• Stored data:
★ ★ ★ ★

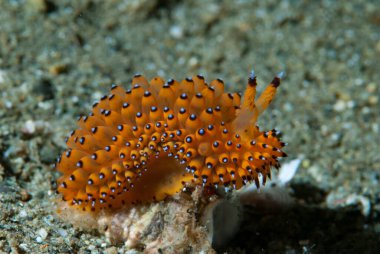 Janolus sp. 1 Çırılçıplak Ambon Endonezya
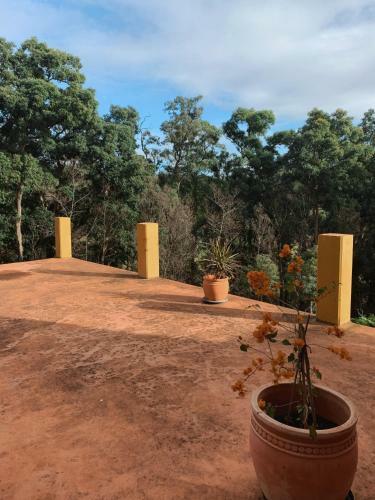 Apartamento Golden Streams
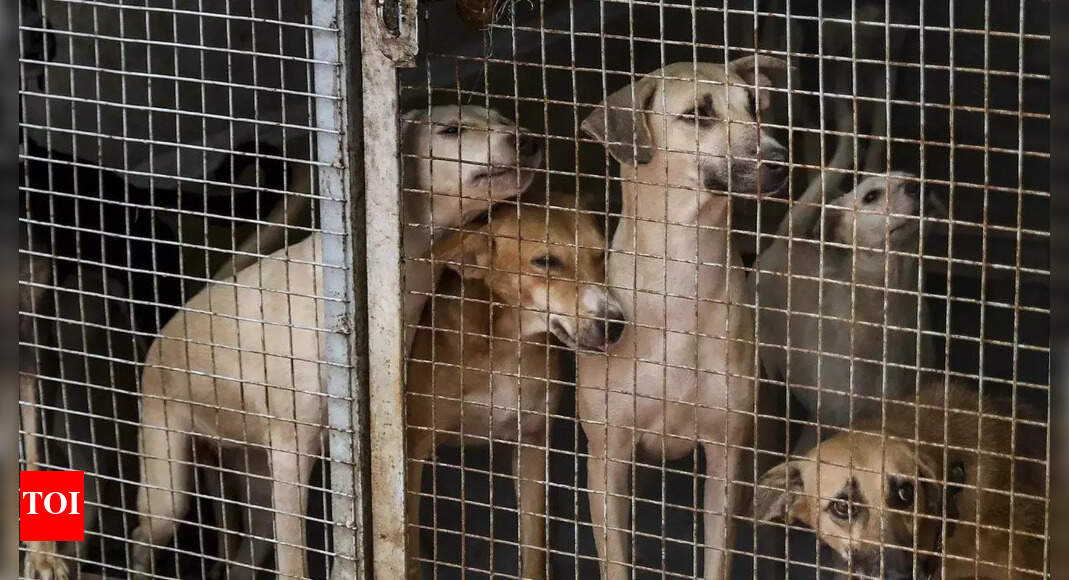 SC order on Delhi stray dogs: Protests erupt in Capital, many detained; Peta slams 'illogical' ruling | India News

★ ★ ★ ★

Beginning with the line that has "Apartamento Golden Streams", repeat each remaining line of the data above word for word, keeping pictures out.

• Problem solution:
 Apartamento Golden Streams
 SC order on Delhi stray dogs: Protests erupt in Capital, many detained; Peta slams 'illogical' ruling | India News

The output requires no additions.